Cophylogenetics Projects (as if the phylogeny problem wasn't hard enough...)

Figure 2: (a) a "tanglegram" representing a host tree H (left) and parasite tree P (right) for a ver

Introduction: Cophylogeny is the study of how groups of ecologically linked species have evolved with each other. Parasites (of which there are many more types than there are non-parasites) evolve with their hosts, and pathogens (disease agents) evolve in a constant arms race with their "victims". As many as three quarters of emergent diseases in humans have come from other species. Genes can be considered to 'parasitise' their 'hosts', because they undergo the same kinds of processes as do parasites and pathogens. Even languages, in a sense, parasitise people.

The problem is computationally very tough, as well as being statistically hard, and there have been several different approaches. One is by cophylogeny mapping, which is easily the most intuitive method, and happens to have other nice properties as well. In this method the dependent phylogeny (evolutionary tree) P is mapped into the independent phylogeny H, in order to show how the two phylogenies have been associated with each other in the past.

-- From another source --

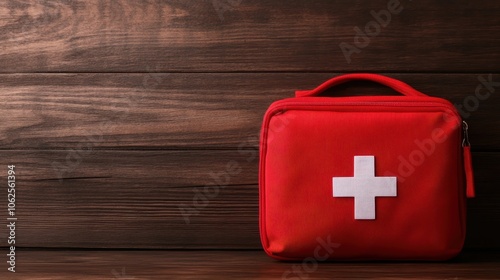 A bright red first aid kit with a white cross emblem stands out against a rustic wooden background, symbolizing safety and preparedness for medical emergencies. Ideal for health and outdoor themes.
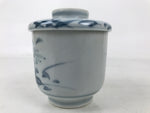 Japanese Ceramic Lidded Teacup Vtg Sometsuke Autumn Flowers Blue White TC569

Requirements: interest in bioinformatics; good programming skills in C, C++ or Java; basic mathematics and statistics

Project 4: Epidemiological modelling at the evolutionary time-scale
Around 75% of emergent human diseases have come from other species by zoonosis. Uncovering where, and how, and when such events occurred is a key issue in identifying risk of zoonotic events for the future. One way to do this is by considering the evolutionary trees of pathogens and their hosts. The idea is that by finding convincing or statistically significant congruence between two evolutionary trees we can hypothesize ancient associations, episodes of cospeciation (also called codivergence), host-switching (zoonosis) and extinction. However not all host species are known, and not all parasites that infect each host are known, so it becomes a serious problem to identify these ancient associations, given patchy information about the present.

This project will investigate quantitatively the effect of taxon sampling - that is, which species are missed out - on reconstruction of coevolutionary history, through simulation and analysis, using current cophylogenetic methods developed by Charleston and others.

Project 5: (Fast) Statistical Tests of Cophylogeny
How much codivergence is a lot? It's possible to determine the minimum number of codivergence (a.k.a. cospeciation) events that can be attributed to a host/parasite system, but the statistical testing of this number can be very laborious. Present methods create many random parasite trees and map them into the host tree, in order to determine whether the "true" parasite tree P is statistically significant in the degree of its agreement with the host tree H. Such analyses can be very slow, particularly when P and H don't agree that well in the first place.

The aim of this project will be to find useful "rules of thumb" for measuring whether two phylogenies (say hosts and pathogens) have some congruence that is due to a coevolutionary history, without such computational costs. It will require some thinking, software development and some simulation in silico, but no contact with actual pathogens!